Story continues below ↓advertisement
Click Here!

Fat chance.

Are you going to finish that?
In the last few years, Hardee’s, Burger King and Wendy's all have introduced 1,000-calorie-plus sandwiches stuffed with 12 ounces of beef — the amount of meat recommended for two days for most adults. In addition, Hardee's just rolled out a new Country Breakfast Burrito, a tortilla wrap stuffed with two egg omelets, sausage, bacon, ham, cheddar cheese, hash browns and gravy. The burrito contains 920 calories and 60 grams of fat, almost all the fat an adult needs in a single day.

 How much is too much?

A serving may be smaller than you think. Use these visuals as a guide.
— 3 ounces of meat = 1 deck of cards
— 1 cup of cereal = a baseball
— 2 tablespoons salad dressing = a shot glass
— ¼ cup nuts = a golf ball

Source: The Portion Teller Plan: The No-Diet Reality Guide to Eating, Cheating, and Losing Weight Permanently

*Gorging on fast-food occasionally wouldn't be such a disaster, but Americans spend half their yearly food budget eating out. In my research on portion size trends, I found a parallel between rising rates of obesity and increasing portion sizes.* Current fast-food servings are two to five times larger than they were in the 1950s. It's hard to believe the Big Mac was considered large when McDonald's introduced it 40 years ago. Today the Big Mac's roughly 3 ounces of meat are puny compared to the new mega-burgers. When McDonald’s first opened, a soda was 7 ounces. Today, the child size is 12 ounces, a small is 16 ounces, and the large 32 ounces.
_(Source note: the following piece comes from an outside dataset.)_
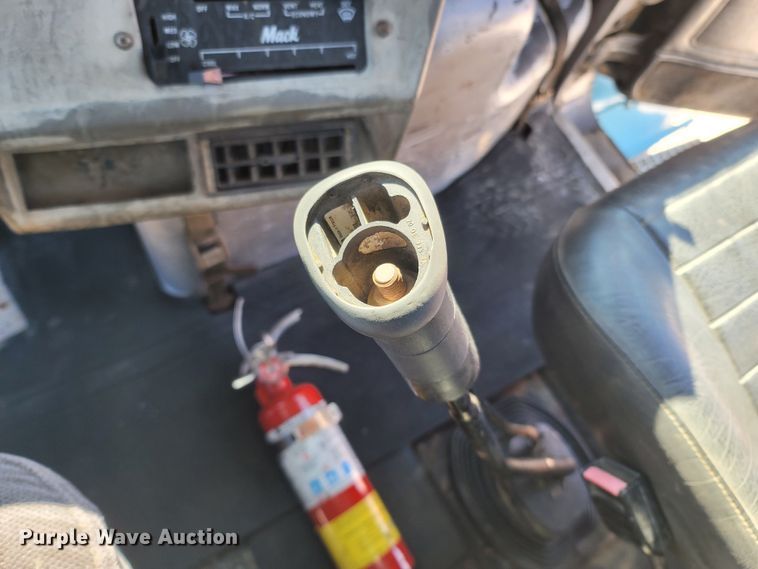 image for item MB9868 1997 Mack DM690S  roll-off container truck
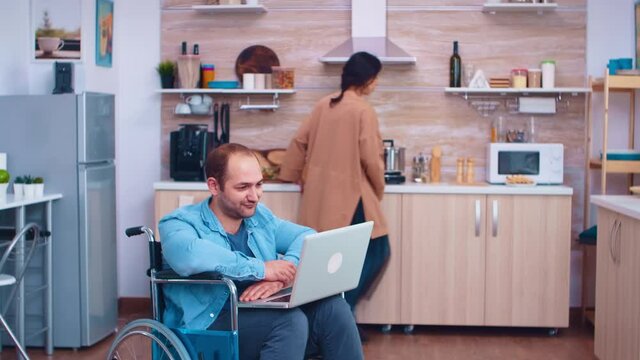 Disabled man waving on video conference using laptop in kitchen. Corporate man with paralysis handicap disability handicapped difficulties working after accident having internet online video call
Are we that much thirstier or hungrier than we used to be?

That's a really big gulp
You can't order a Supersize soda at McDonald's anymore, but the fast-food giant recently introduced the Hugo, pouring in at a bladder-busting 42-ounces and 410-calories. Last year Wendy's rolled out its own 42-ounce version and Burger King also promotes a 42-ounce King Size soda. 7-Eleven offers the 64-ounce Double Gulp soda — a half-gallon, nearly 800-calorie drink marketed for one person. And Starbucks sells jumbo-sized coffee drinks, such as the Venti Frappuccino Strawberries and Crème which contains well over 600 calories.

Biggie lives
The problem is, people tend to eat or drink what's in front of them. We also significantly underestimate how many calories we consume. But even when consumers try to do right by their diets by choosing a small or medium of something at a fast-food chain, they may be getting more than they expect.

Click for related content
Vote: Should fast-food chains dump huge servings?
The workweek diet leaves room for feasting
Report: Obesity a result of modern life

Wendy's dropped the fattening-sounding Biggie sodas and Great Biggie french fries and went back to small, medium, and large sizes. But it was just a marketing gimmick. What was a medium order of french fries is now a small; the Biggie became a medium, and the Great Biggie became a large. Instead of a Biggie soda, you can order a large drink — but large is now 42 ounces, 10 ounces larger than it was a year ago as the Biggie.

Scaling back
*To be fair, some restaurants have tried to scale it back. When Ruby Tuesday cut serving sizes in 2004, customers balked, and the big portions returned.*

But that's because consumers are programmed into thinking that bigger size means bigger value. Larger portions are presented as a bargain for consumers because they're relatively cheap for restaurants to offer. Food costs less than other operating costs such as rent, staff, and equipment.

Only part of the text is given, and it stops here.